Critics accused the company of expanding too fast and cutting corners on safety. General Motors’ Cruise is redeploying robotaxis in Phoenix after nearly five months of paused operations, the company said in a blog post. The cars will be in “manual mode,” so they won’t be driving themselves. Cruise's fleet is made up of Chevy Bolt electric vehicles that have been retrofitted with sensors, cameras, radar, and lidar that make it possible for them to operate autonomously, according to the company.
As 2022 wrapped up, CEO Kyle Vogt took to Twitter to post about the company's autonomous vehicles rolling onto the streets of San Francisco, Austin and Phoenix. Remember the unsettling lack of steering wheel, break pedals, and so on? That means the Cruise’s not-car will require an exemption from the federal government’s motor vehicle safety standards. The National Highway Traffic Safety Administration only grants 2,500 petitions a year.
The news that the company will be relying less on its operations staff during its testing comes after Cruise’s safety drivers have complained about a lack of safety standards during the pandemic and subsequent wildfires. They accuse Cruise of deploying its self-driving cars during the spring lockdown in defiance of public health orders banning nonessential travel. And they say Cruise isn’t doing enough to keep them safe during these public health crises. Cruise has not announced when or where it will resume driverless operations. The company’s main operations were historically based in San Francisco, but Cruise lost its permits to operate there following the accident. Cruise began expanding its paid service area in the Phoenix area in August 2023.
So, they started going out at night to "cone" as many cars as possible as a form of protest. During this phase, the Cruise vehicles will drive themselves and a safety driver is present behind the wheel to monitor and take over if needed. Cruise’s AV stack is based on AI technology that learns from information gathered through our driving experience and retrains and evolves our models continuously. Vogt acknowledged that company’s new ride-hailing service is “small-scale right now,” but he says it would soon expand, potentially to other cities. Currently, California’s Department of Motor Vehicles only allows Cruise to operate its taxi service from 10 p.m.

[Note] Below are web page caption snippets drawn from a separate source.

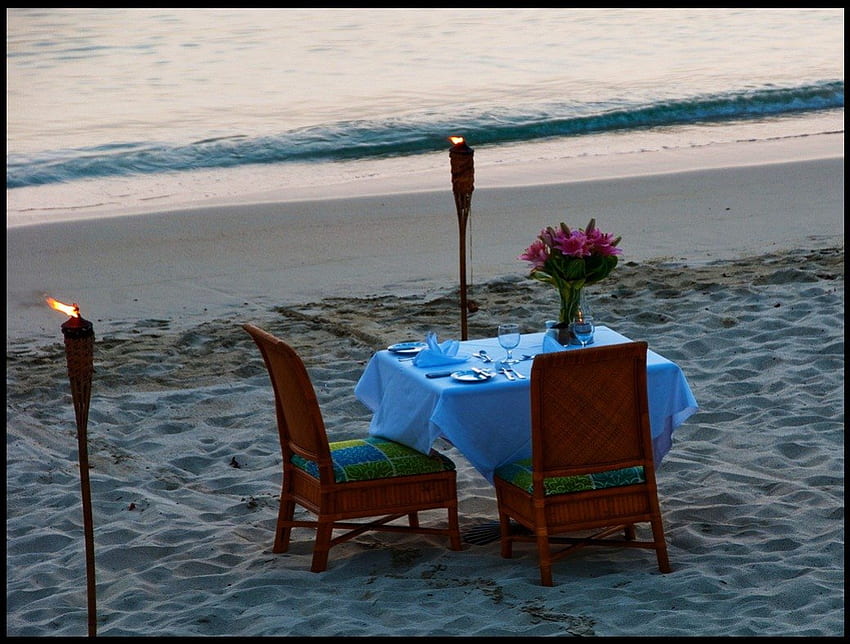Dinner by the Sea, sea, dinner, nature, beach HD wallpaper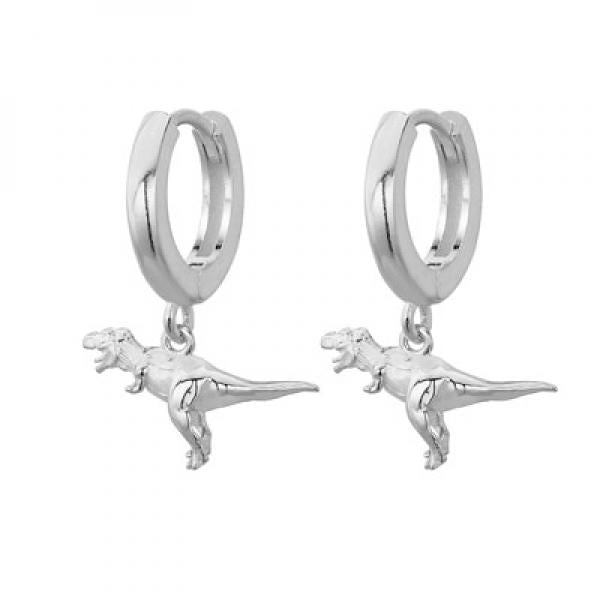 925 Silver Dino Drop Earrings Animal Pendant Hoop Jewelry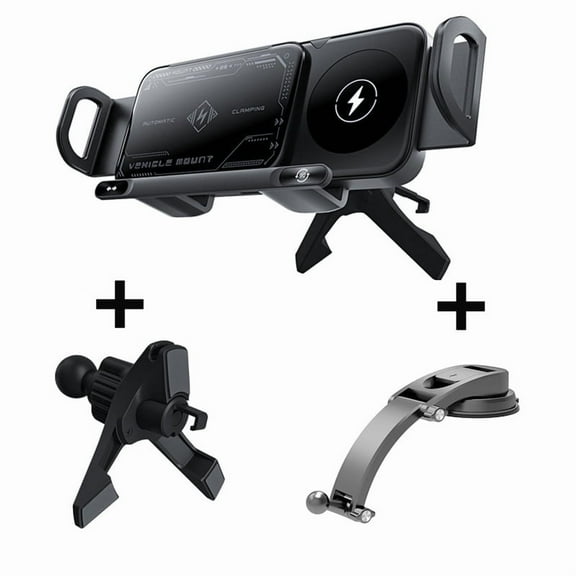 ZC15W Qi Wireless Car Charger Auto-Rotating Dual Coils Fast Charging Vent/Dashboard Phone Mount Holder for Samsung Galaxy Z Fold 7/6/5/S24, iPhone 17/16/15/14 Pro Max, Google Pixel 8/7 Pro (L)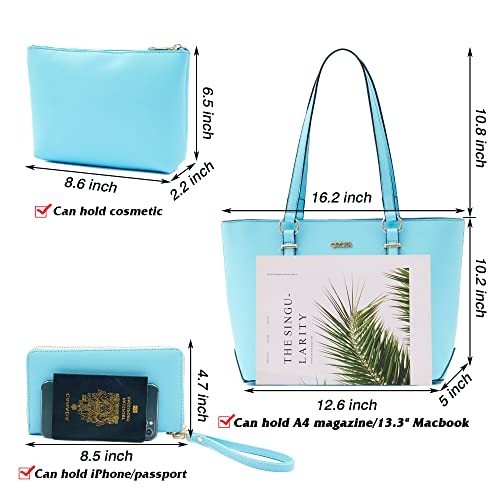 Purses And Wallets Set For Women Work Tote Satchel Handbags Shoulder Bag Top Handle Totes Purse With Matching Wallet - color: A101-3pcs/Set Pinkblue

But since then, the company has been mired in a lengthy regulatory process before it can begin mass production. We believe that self-driving technology will save lives and make roads safer. We believe driverless technology has the potential to save lives, enhance access and improve communities. In a video released by the company, a Cruise employee is seen in the passenger seat while the car drives itself through the darkened streets of San Francisco. Cruise’s vehicles all have an emergency switch in the center channel near the gear shift in case something goes wrong, and they are also monitored remotely by Cruise employees.